1 - Preparing systems for migration

Use the following prerequisites and recommendations to ensure a successful migration to IBM Power for Google Cloud (IP4G).

For AIX systems, ensure that the operating systems are running the following minimum versions:

AIX VersionMinimum TL/MLNotes
5.35300-12-04Only supported within a Versioned WPAR
7.17100-05-06
7.27200-05-01
7.37300-00-01

Additional software requirements:

  • The devices.fcp.disk.ibm.mpio package must not be installed. Uninstall it if necessary.

Additional recommendations:

  • Install cloud-init. This can be done using dnf, yum, or RPM. There are several prerequisites to install for cloud-init.

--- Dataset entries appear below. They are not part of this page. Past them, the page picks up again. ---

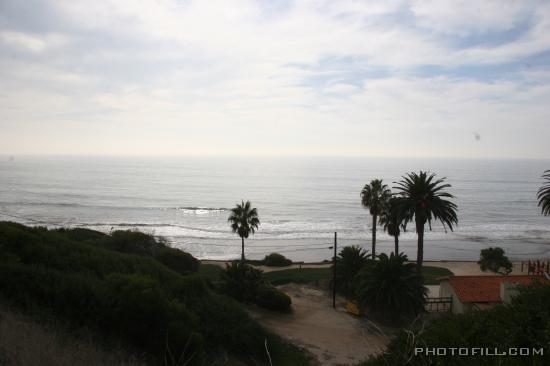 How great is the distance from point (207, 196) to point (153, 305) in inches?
3779

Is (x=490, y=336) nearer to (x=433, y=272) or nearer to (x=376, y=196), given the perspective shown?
(x=376, y=196)

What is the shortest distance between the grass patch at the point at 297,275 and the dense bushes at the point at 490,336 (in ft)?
77.5

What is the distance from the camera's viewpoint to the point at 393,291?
23.7 metres

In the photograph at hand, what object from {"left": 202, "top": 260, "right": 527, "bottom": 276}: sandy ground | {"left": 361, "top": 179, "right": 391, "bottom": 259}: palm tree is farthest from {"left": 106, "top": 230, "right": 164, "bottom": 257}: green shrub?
{"left": 361, "top": 179, "right": 391, "bottom": 259}: palm tree

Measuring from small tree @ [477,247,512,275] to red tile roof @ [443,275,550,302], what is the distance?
13769 mm

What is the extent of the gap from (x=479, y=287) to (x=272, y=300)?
1305 cm

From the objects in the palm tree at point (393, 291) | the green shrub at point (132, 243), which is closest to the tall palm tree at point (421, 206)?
the palm tree at point (393, 291)

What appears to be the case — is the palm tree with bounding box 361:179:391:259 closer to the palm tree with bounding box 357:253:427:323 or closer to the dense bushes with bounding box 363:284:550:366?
the palm tree with bounding box 357:253:427:323

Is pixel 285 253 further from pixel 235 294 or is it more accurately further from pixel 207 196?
pixel 207 196

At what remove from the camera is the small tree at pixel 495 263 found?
126 feet

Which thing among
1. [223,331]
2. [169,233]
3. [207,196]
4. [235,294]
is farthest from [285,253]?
[207,196]

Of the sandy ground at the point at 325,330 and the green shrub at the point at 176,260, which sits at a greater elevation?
the green shrub at the point at 176,260

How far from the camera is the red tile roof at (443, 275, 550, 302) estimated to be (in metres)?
24.0

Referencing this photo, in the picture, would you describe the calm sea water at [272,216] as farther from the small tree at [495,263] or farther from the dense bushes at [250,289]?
the dense bushes at [250,289] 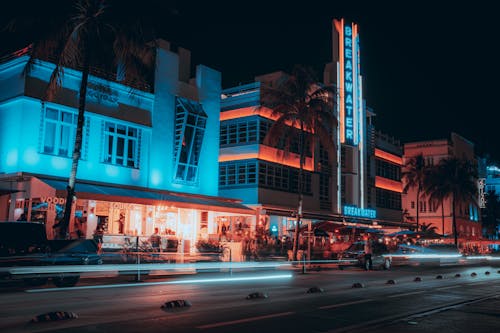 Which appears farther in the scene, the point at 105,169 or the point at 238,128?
the point at 238,128

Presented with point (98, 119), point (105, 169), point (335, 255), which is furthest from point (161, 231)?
point (335, 255)

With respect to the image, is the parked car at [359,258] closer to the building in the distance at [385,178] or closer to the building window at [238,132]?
the building window at [238,132]

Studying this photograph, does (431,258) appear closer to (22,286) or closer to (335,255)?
(335,255)

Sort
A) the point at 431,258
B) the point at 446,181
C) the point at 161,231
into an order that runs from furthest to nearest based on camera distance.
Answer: the point at 446,181
the point at 431,258
the point at 161,231

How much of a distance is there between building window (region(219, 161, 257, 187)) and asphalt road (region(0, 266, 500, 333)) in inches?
936

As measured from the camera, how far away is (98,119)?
29141 mm

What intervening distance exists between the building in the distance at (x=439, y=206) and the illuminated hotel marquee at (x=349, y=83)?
3271 cm

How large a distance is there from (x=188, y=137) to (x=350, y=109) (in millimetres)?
20438

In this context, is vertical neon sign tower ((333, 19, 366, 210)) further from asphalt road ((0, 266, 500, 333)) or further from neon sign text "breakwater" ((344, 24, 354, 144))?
asphalt road ((0, 266, 500, 333))

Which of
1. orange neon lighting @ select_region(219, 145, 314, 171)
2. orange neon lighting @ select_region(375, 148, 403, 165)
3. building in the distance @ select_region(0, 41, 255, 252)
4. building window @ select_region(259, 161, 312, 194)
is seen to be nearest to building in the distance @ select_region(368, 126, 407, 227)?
orange neon lighting @ select_region(375, 148, 403, 165)

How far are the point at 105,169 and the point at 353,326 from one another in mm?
22013

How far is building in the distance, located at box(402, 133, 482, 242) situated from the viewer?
82037 millimetres

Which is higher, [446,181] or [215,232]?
[446,181]

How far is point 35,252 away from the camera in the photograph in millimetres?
15688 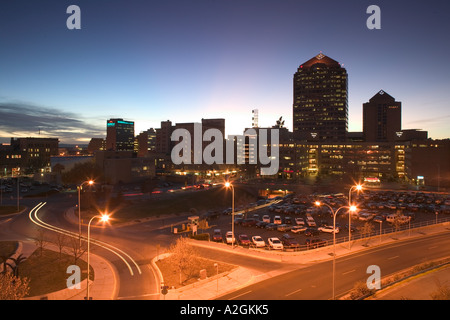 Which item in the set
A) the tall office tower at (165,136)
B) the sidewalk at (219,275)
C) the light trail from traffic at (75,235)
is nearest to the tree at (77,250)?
the sidewalk at (219,275)

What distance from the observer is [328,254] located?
25422 mm

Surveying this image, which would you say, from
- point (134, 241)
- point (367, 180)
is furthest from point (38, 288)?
point (367, 180)

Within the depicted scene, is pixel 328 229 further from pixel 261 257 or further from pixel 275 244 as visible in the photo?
pixel 261 257

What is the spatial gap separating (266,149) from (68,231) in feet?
326

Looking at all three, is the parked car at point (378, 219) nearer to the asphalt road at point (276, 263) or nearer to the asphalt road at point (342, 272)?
the asphalt road at point (276, 263)

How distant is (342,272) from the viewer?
21.0 m

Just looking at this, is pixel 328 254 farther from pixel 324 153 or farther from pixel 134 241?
pixel 324 153

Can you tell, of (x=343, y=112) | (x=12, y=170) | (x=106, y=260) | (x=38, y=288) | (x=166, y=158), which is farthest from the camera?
→ (x=343, y=112)

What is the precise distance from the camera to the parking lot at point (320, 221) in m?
31.5

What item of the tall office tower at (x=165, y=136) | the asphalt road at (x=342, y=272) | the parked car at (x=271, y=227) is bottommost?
the parked car at (x=271, y=227)

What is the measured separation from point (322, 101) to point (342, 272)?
152 meters

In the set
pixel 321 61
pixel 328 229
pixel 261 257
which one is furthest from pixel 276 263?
pixel 321 61

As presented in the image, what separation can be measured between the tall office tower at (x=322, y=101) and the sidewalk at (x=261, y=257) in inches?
5049

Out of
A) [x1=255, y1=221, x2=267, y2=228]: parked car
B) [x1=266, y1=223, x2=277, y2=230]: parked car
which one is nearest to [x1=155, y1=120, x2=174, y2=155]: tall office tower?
[x1=255, y1=221, x2=267, y2=228]: parked car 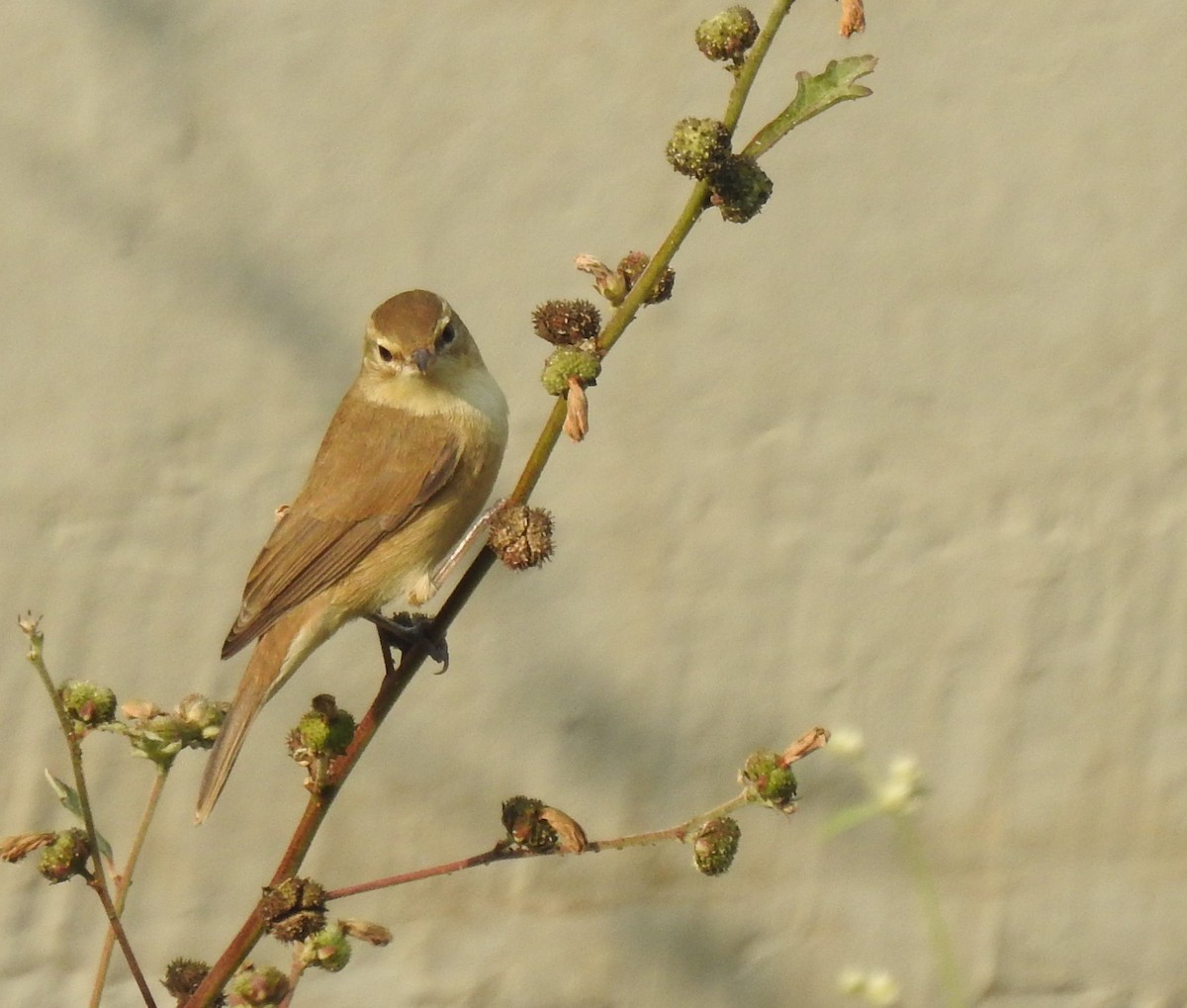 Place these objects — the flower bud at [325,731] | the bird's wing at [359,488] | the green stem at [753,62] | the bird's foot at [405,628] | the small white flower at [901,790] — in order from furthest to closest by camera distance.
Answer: the bird's wing at [359,488], the bird's foot at [405,628], the small white flower at [901,790], the flower bud at [325,731], the green stem at [753,62]

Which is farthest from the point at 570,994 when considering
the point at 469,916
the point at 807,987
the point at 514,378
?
the point at 514,378

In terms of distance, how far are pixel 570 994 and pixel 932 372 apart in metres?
1.54

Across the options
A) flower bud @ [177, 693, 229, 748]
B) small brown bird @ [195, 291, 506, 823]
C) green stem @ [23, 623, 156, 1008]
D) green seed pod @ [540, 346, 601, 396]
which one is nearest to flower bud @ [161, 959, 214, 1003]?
green stem @ [23, 623, 156, 1008]

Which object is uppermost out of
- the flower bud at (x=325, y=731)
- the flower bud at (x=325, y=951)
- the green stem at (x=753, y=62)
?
the green stem at (x=753, y=62)

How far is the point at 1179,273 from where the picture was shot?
131 inches

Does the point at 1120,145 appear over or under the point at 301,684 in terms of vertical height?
over

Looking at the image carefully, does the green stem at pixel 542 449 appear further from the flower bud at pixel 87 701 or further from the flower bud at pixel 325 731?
the flower bud at pixel 87 701

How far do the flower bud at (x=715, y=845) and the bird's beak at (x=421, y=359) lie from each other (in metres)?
1.16

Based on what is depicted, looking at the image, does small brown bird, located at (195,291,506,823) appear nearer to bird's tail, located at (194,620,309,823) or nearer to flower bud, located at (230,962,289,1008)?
bird's tail, located at (194,620,309,823)

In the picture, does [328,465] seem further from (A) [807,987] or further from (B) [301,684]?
(A) [807,987]

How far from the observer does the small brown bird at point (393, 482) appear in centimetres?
231

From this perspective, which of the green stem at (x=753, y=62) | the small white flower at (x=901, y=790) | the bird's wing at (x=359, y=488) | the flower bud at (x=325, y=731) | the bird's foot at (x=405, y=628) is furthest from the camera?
the bird's wing at (x=359, y=488)

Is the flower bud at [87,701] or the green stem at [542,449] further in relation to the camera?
the flower bud at [87,701]

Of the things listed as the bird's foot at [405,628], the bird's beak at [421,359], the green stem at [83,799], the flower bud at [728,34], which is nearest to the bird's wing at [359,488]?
the bird's beak at [421,359] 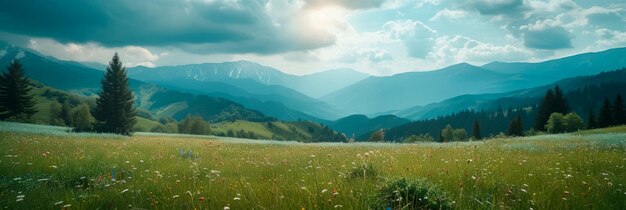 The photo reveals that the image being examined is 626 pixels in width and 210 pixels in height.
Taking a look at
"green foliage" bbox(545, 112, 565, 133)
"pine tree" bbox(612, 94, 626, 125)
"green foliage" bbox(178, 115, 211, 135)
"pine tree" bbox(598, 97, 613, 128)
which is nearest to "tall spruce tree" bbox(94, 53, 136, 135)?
"green foliage" bbox(545, 112, 565, 133)

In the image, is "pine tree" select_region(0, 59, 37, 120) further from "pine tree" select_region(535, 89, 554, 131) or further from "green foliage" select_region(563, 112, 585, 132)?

The cloud-init software package is required to leverage some features. Those features include:
    • Image capture and deploy.
    • Automatic configuration of IP addresses, through the IP4G interface.
  • Update MPIO settings for each disk to set algorithm to shortest_queue or round_robin:
    chdev -P -l hdiskX -a algorithm=shortest_queue -a reserve_policy=no_reserve
    
  • Reboot for the attribute changes to take effect.

2 - Migrating to IP4G using a mksysb and alt_disk_mksysb

Use a mksysb from an existing system to migrate into IP4G. Do this by building a new system from a stock image, and using the alt_disk_mksysb command. The following steps highlight how to do so using the pcloud CLI. However, the IP4G specific steps can also be performed from the GUI.

Capturing a Source System mksysb

First, check if the fileset devices.fcp.disk.ibm.mpio exists. To do this, execute the following:

lslpp -Lc | grep devices.fcp.disk.ibm.mpio

If the fileset is installed, there are two ways to handle this. Either it must be removed from the system before the mksysb is created, or when running alt_disk_mksysb. Doing that will involve using the alt_rootvg_op command to wake the alt disk and remove the fileset.

Customers are responsible for evaluating the impact of removing the fileset in their environment.

To remove execute:

installp -u devices.fcp.disk.ibm.mpio

To begin, take a mksysb on the source system. It is recommended that the rootvg of the source system is not mirrored. If it is, edit the image.data file to unmirror it before restoring it. Details for that are included below. If the source system is running AIX 7.2 or higher, using the following command:

mksysb -C -i /path/to/hostname.mksysb

If the source system is running AIX 7.1, use the following command:

mksysb -i /path/to/hostname.mksysb

Build the target system

Build the system to do the alt_disk_mksysb on. This system will boot at first from a stock AIX image. Then after the mksysb restore, it will boot from the restored AIX image. If a stock image has not already been imported, see Obtaining a VM Image

LINK

To get started, gather the following information:

  • Use a hostname that will be the final hostname in IP4G.
  • Use a stock image that most closely matches the source system. Later TL/SP levels are OK.
  • Use the desired CPU, Memory, CPU Type, and Network settings for the final host to have.

Example:

pcloud compute instances create hostname –image AIX-7200-05-09 –network gcp-network -c 0.25 -m 8 -t shared

Add disks to the target system

Two disks are needed. One for temporary storage for the mksysb. The other for restoring the mksysb to alt_disk_mksysb. Wait for the new instance to build.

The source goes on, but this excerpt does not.